The present invention concerns OLED display devices. More specifically, the present invention concerns display devices known as passive matrix organic light emitting diodes or PMOLEDs. In PMOLED display devices, lighting is controlled by means of anodes and cathodes which are disposed in strips perpendicular to each other and powered separately. Although less energy efficient than active matrix light emitting diodes, also known as AMOLEDs, PMOLED display devices are less complex to make than AMOLED display devices and consequently were the first to be mass marketed.

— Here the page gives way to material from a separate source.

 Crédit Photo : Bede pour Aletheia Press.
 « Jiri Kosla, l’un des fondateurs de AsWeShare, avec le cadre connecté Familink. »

Compared to other types of display devices such as liquid crystal cells, OLED display devices have very interesting advantages such as a very rapid response time, improved colour rendering, better contrast or even less directive emissivity, thus offering a broader angle of vision. Compared to liquid crystal display devices, another decisive advantage of OLED display devices is that they do not require backlighting. However, one drawback of OLED display devices is their sensitivity to air and moisture.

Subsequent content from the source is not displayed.